Quand Gaston St-Onge examine son «cèdre bleu» au petit matin le 13 mai, dans sa cour à Chambly, il constate que son conifère de 2 m est en triste état. De curieux petits cônes orangés sont apparus ici et là sur des branches, une structure gélatineuse inquiétante.

Vingt-quatre heures plus tard, les symptômes dont souffre le patient se multiplient à une vitesse fulgurante. Le lendemain, les nombreux cônes forment de grosses grappes à l'aspect surréaliste, dignes d'un film de science-fiction.

Quatre jours après le début du drame, le pépiniériste où l'arbre a été acheté conclut qu'un champignon pourrait être en cause et qu'il n'y a rien à faire. Le patient est condamné.

Pour l'agronome-conseil Claude Gélinas (www.phyto.qc.ca), pas de doute possible, il s'agit des symptômes d'une rouille, une maladie fongique qui, chez les conifères, s'attaque surtout au genévrier. Le hic, c'est que l'expert ignore ce qu'est un cèdre bleu, ignorance que je partage d'ailleurs. J'ai donc appris avec étonnement que l'expression était utilisée par des amateurs de jardinage pour désigner les genévriers en général.

Nous voilà donc fixés sur l'identité de la victime plantée près de trois ans plus tôt. La maladie dont elle souffre se présente sous diverses formes en plus d'être très répandue dans le monde végétal. Une espèce de rouille cause notamment la mort du blé et c'est pour cette raison, par exemple, que l'épinette-vinette, ou berbéris, a été interdit de vente au Canada durant des décennies, jusqu'à l'apparition de nouveaux cultivars qui n'étaient plus vecteurs du champignon maléfique. Car dans de nombreux cas, il faut deux hôtes ou deux plantes pour que la maladie puisse suivre son cycle vital.

La rouille est une maladie qui se manifeste le plus souvent par des taches de couleur brunâtre, orangée ou ocre qui sont toutes des fructifications des champignons néfastes. Il existe de nombreuses espèces de fongus responsables de la maladie et, dans le cas du genévrier, on en connaît au moins trois. Quant aux plantes qui servent de vecteur à la maladie de notre conifère, elles sont très nombreuses: amélanchier, pommier, cognassier, poirier, sorbier, aubépine de même que plusieurs autres rosacées et leurs cultivars. M. St-Onge a d'ailleurs confirmé qu'une aubépine poussait non loin de son genévrier et que ses feuilles comptaient parfois des taches rondes orangées typiques de la présence du champignon.

Désinfecter le sécateur

Le cycle complet de la rouille du genévrier exige deux ans. D'abord sur le conifère où elle passera une vingtaine de mois, notamment les hivers, puis sur un feuillu. Dans les deux cas, ce sont les spores libérées par les fongus qui contamineront d'autres arbres parfois aussi loin qu'à 500 ou 600 m de distance.

Les premiers stades d'infection chez le conifère se manifestent par de petites excroissances vertes sur les rameaux. Au printemps suivant, les tumeurs éclatent pour laisser échapper une substance gélatineuse qui se transforme en petits cônes produisant des spores. Les branches atteintes sèchent dans un délai plus ou moins long. Il est plutôt rare que les dommages soient mortels. L'infestation massive qu'a connue M. St-Onge semble exceptionnelle et serait attribuable au temps très pluvieux que nous avons connu. Il n'en reste pas moins que la maladie est fréquente chez le genévrier, ce qui explique d'ailleurs la perte de popularité de cet arbre au cours des années.

Que faut-il faire pour éviter pareil problème?

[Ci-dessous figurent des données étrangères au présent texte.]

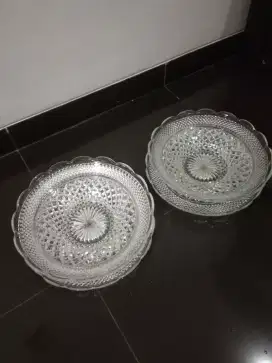 Piring saji sepasang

Si vous tenez mordicus à planter un genévrier, de grâce, exigez une espèce ou un de ses cultivars qui résistent à la rouille. Il en existe un certain nombre. Insistez auprès de votre pépiniériste. L'arbre de M. St-Onge, Juniperus scoluperum, est justement classé parmi les espèces sensibles. Il existe aussi des aubépines, des pommiers et pommetiers résistants à la maladie.

Les mesures curatives sont inexistantes. Il est toutefois important d'éliminer les banches mortes et celles qui manifestent des symptômes de la maladie. Mais pour ce faire, il est essentiel de désinfecter le sécateur à chaque coupe. Sinon, inévitablement, vous ne ferez que propager le mal de branche en branche, ce qui s'est probablement produit à Chambly, confie Gaston St-Onge.

Rappelons qu'un arbre en bonne santé est toujours moins sensible aux maladies. On parle donc d'une fertilisation annuelle, d'une taille adéquate au besoin, et d'un bon arrosage en cas de canicule. On peut toujours couper un des arbres contaminés pour arrêter le cycle du champignon, mais cette mesure reste aléatoire s'il y a d'autres végétaux infectés dans l'environnement immédiat, ce qui n'est jamais évident.